In the post-Moore era, the need for efficient solutions to non-deterministic polynomial-time (NP) problems is becoming more pressing. In this context, the Ising model implemented by the probabilistic computing systems with probabilistic bits (p-bits) has attracted attention due to the widespread availability of p-bits and support for large-scale simulations. This study marks the first work to apply probabilistic computing to tackle protein folding, a significant NP-complete problem challenge in biology. We represent proteins as sequences of hydrophobic (H) and polar (P) beads within a three-dimensional (3-D) grid and introduce a novel many-body interaction-based encoding method to map the problem onto an Ising model. Our simulations show that this approach significantly simplifies the energy landscape for short peptide sequences of six amino acids, halving the number of energy levels. Furthermore, the proposed mapping method achieves approximately 100 times acceleration for sequences consisting of ten amino acids in identifying the correct folding configuration. We predicted the optimal folding configuration for a peptide sequence of 36 amino acids by identifying the ground state. These findings highlight the unique potential of the proposed encoding method for solving protein folding and, importantly, provide new tools for solving similar NP-complete problems in biology by probabilistic computing approach.

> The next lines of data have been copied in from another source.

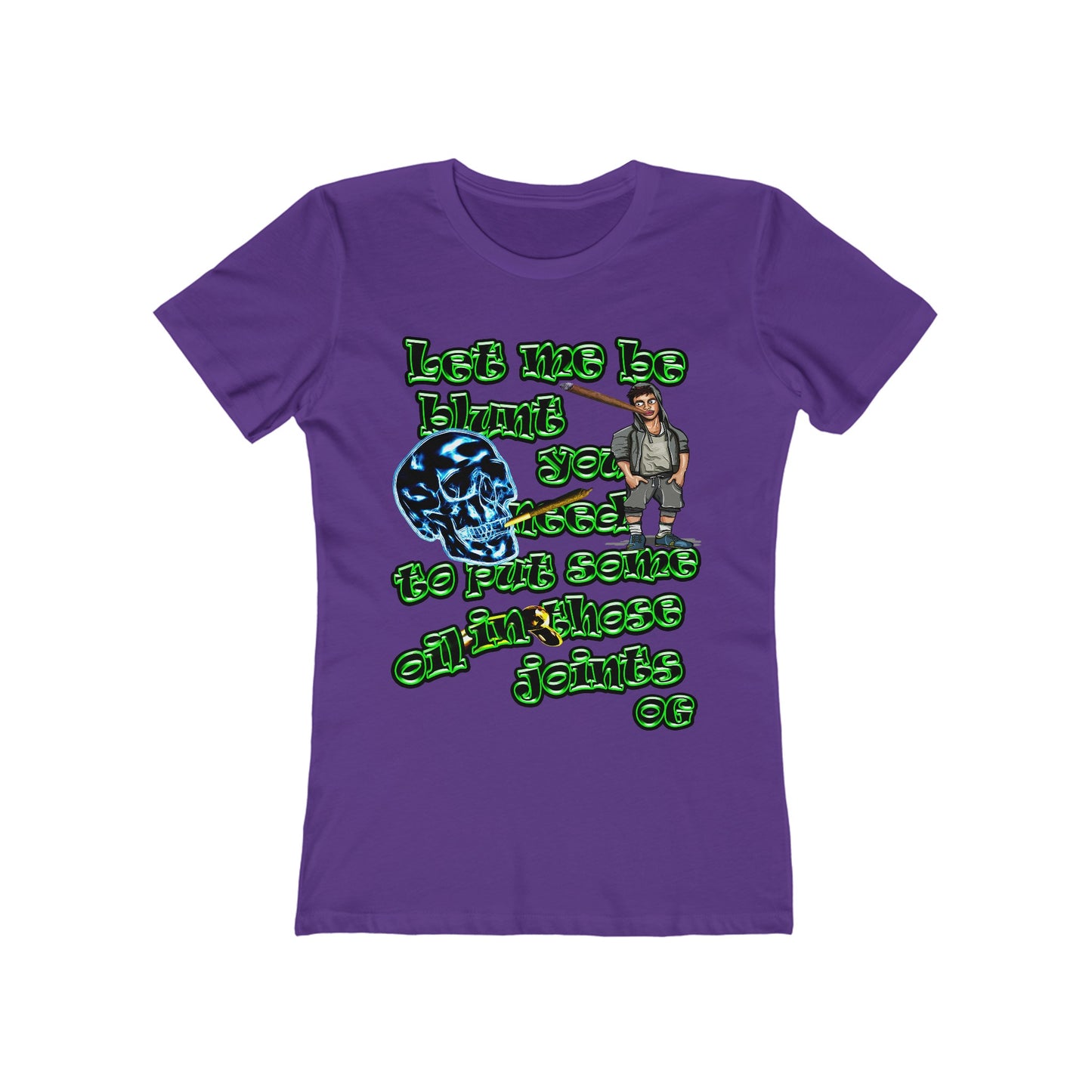 og - Women's The Boyfriend Tee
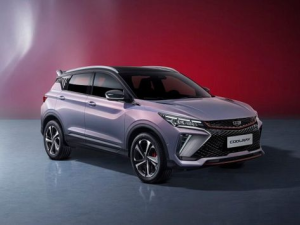 Geely Coolray (SX11) Джип/SUV 5 дв. 10.2023 - н.в.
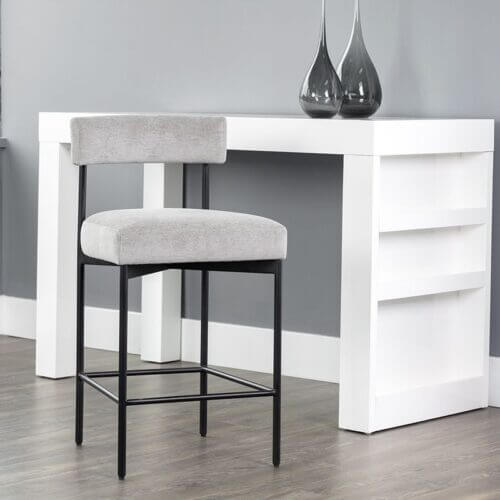 SUNPAN Seneca Counter Stool Black 106514 Calgary
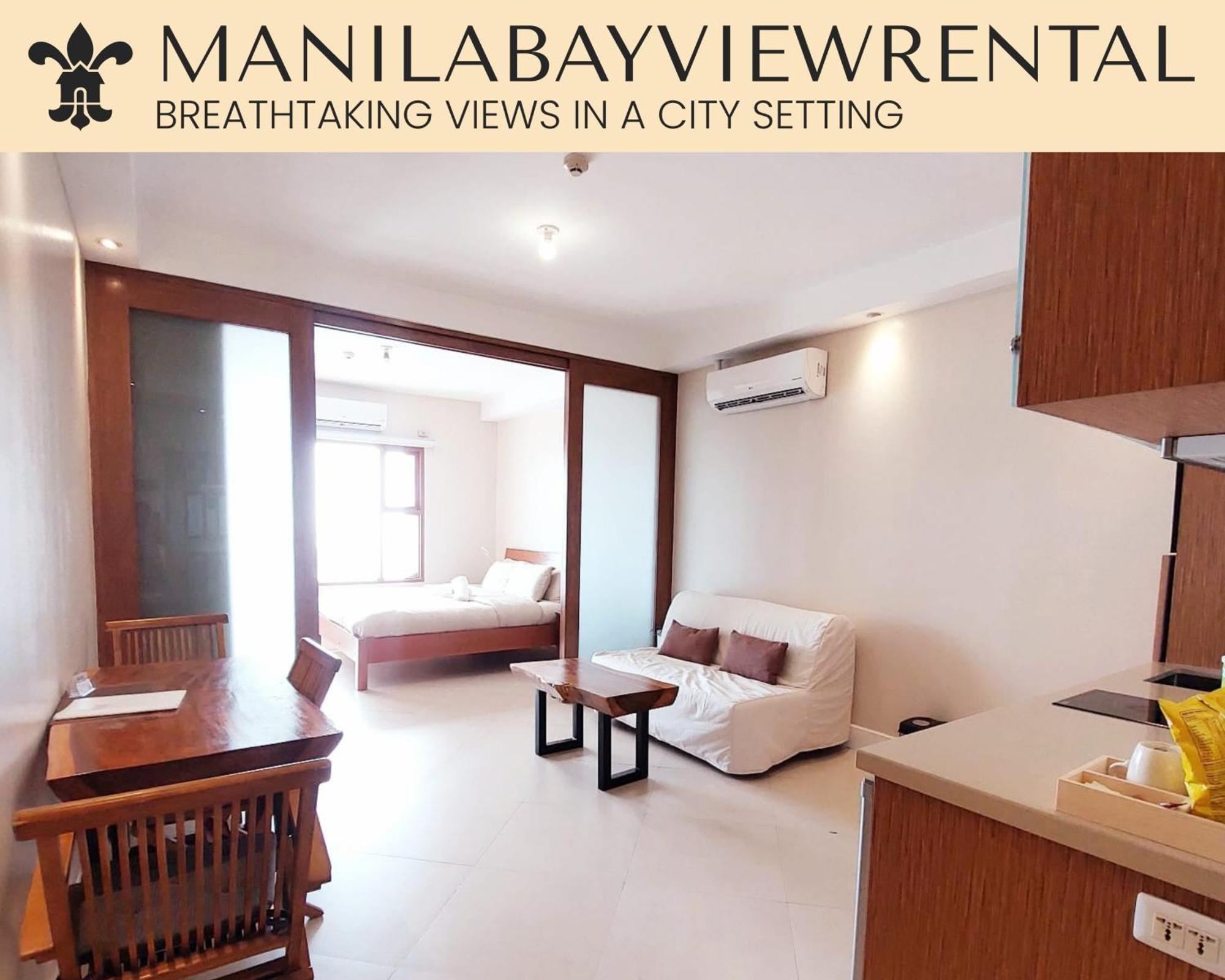 Manila Bayview Rental Eksteriør billede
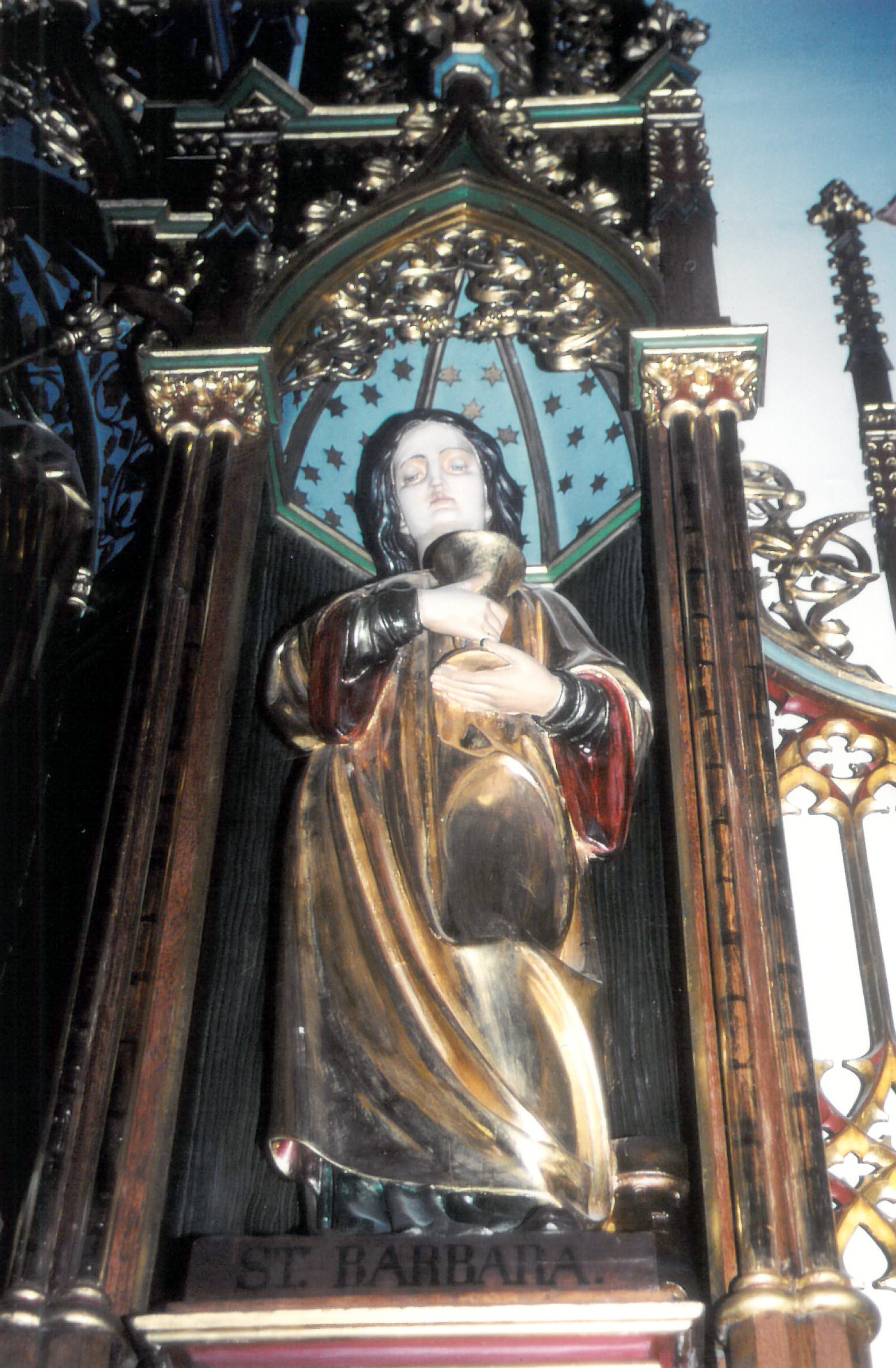 St. Barbara - die Patronin der Bergleute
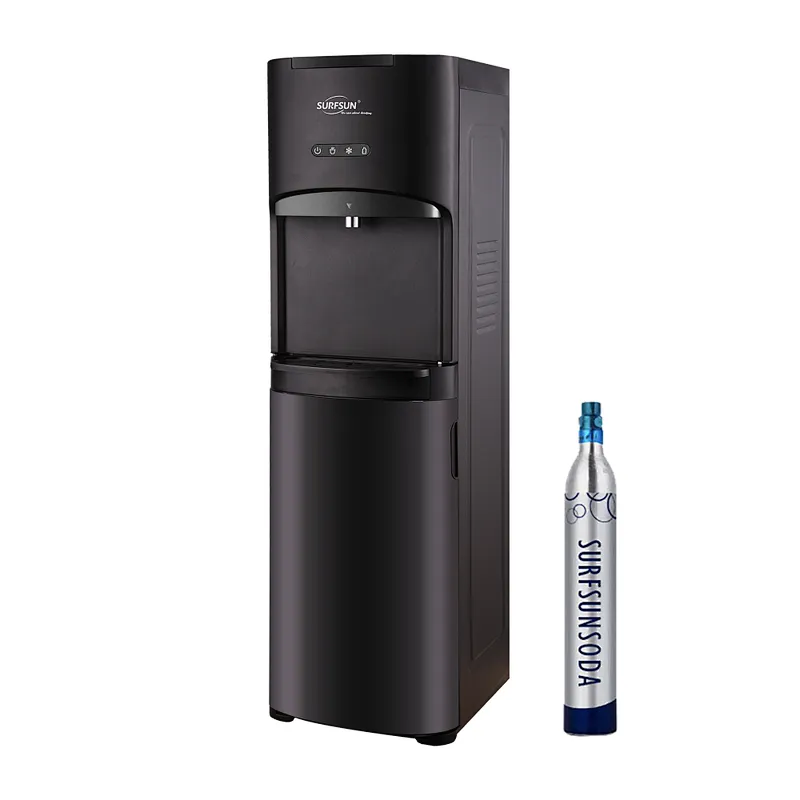 Soda Standing Water Machine-Stainless Steel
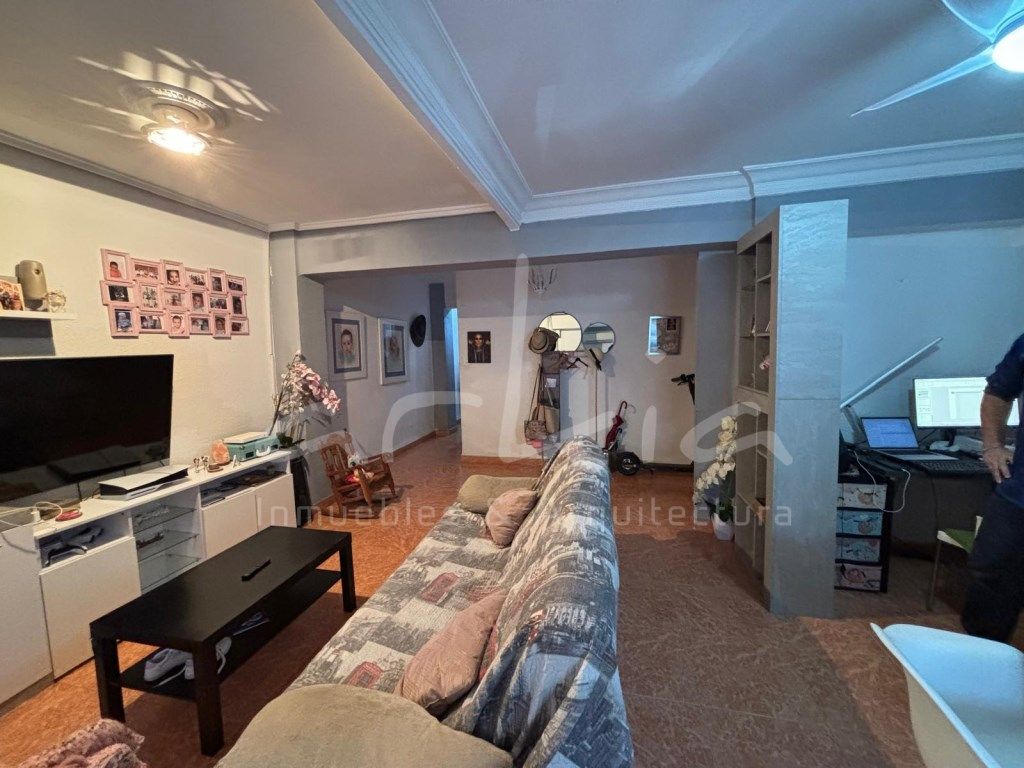 Living room of Flat for sale in Xirivella  with Balcony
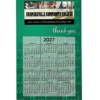 Calendar Magnet - Medium - Thank You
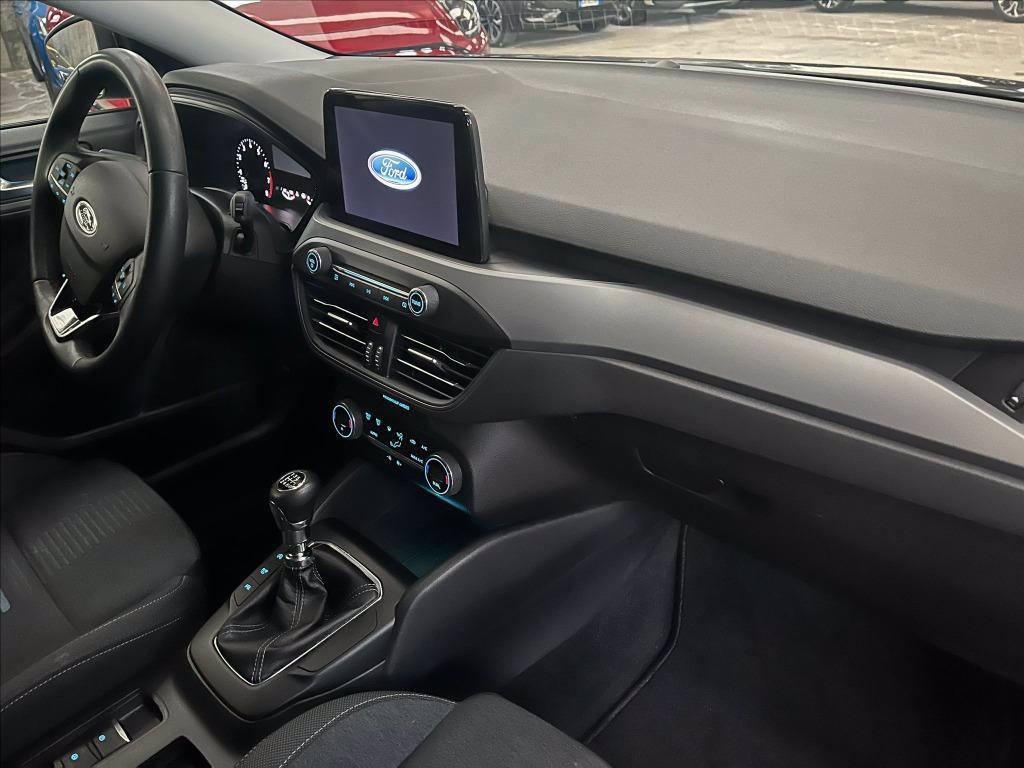 FORD Focus Active 1.0 ecoboost h Style 125cv del 2022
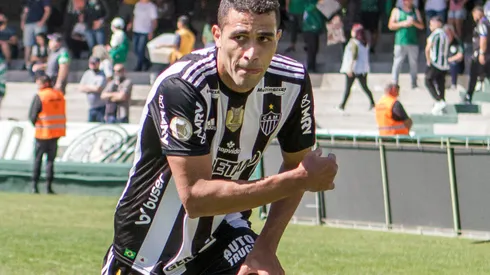 Alan Kardec em ação pelo Atlético Mineiro Foto: Robson Mafra/AGIF
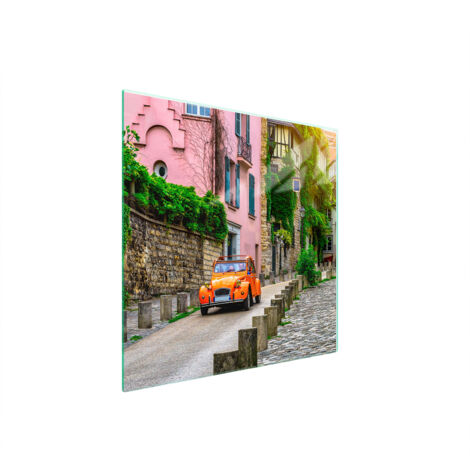 GLASSCHUTZPLATTE FÜR HERD 50x52 AUTO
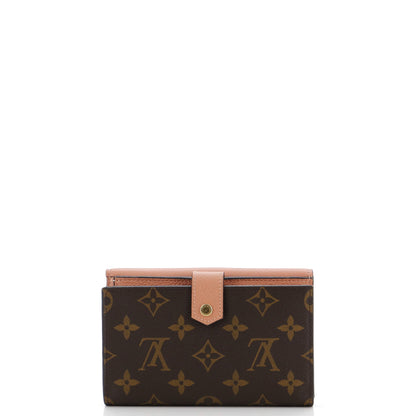 Louis Vuitton Pallas Wallet Monogram Canvas and Calfskin Compact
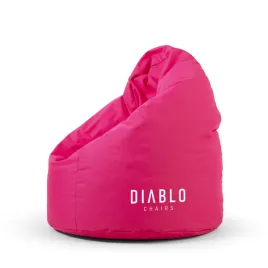 pufa-dla-dziecka-do-pokoju-wodoodporna-worek-sako-80x110-diablo-rozowa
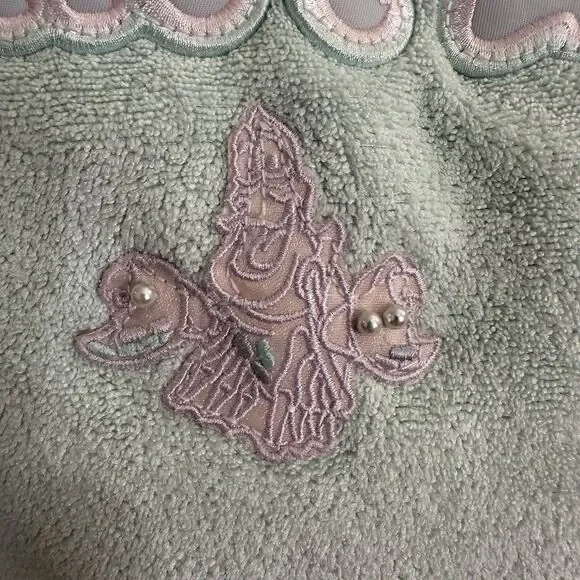Stoney Clover Lane Terry Drawstring Bag Backpack SCL Bag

翻译：在后摩尔时代，对非确定性多项式时间（NP）问题高效解决方案的需求日益迫切。在此背景下，由概率比特（p-bit）概率计算系统实现的伊辛模型，由于p-bit的广泛可用性及对大规模仿真的支持而备受关注。本研究首次将概率计算应用于解决蛋白质折叠这一生物学中重要的NP完全问题挑战。我们将蛋白质表示为三维网格中的疏水性（H）与极性（P）珠链序列，并引入一种新颖的基于多体相互作用的编码方法，将问题映射到伊辛模型。仿真结果表明，该方法显著简化了六氨基酸短肽序列的能量格局，使能级数量减半。此外，所提出的映射方法在识别十氨基酸序列的正确折叠构型时实现了约100倍的加速。我们通过基态识别预测了36氨基酸肽链的最优折叠构型。这些发现凸显了所提编码方法在解决蛋白质折叠问题上的独特潜力，更重要的是为通过概率计算方法解决生物学中类似NP完全问题提供了新工具。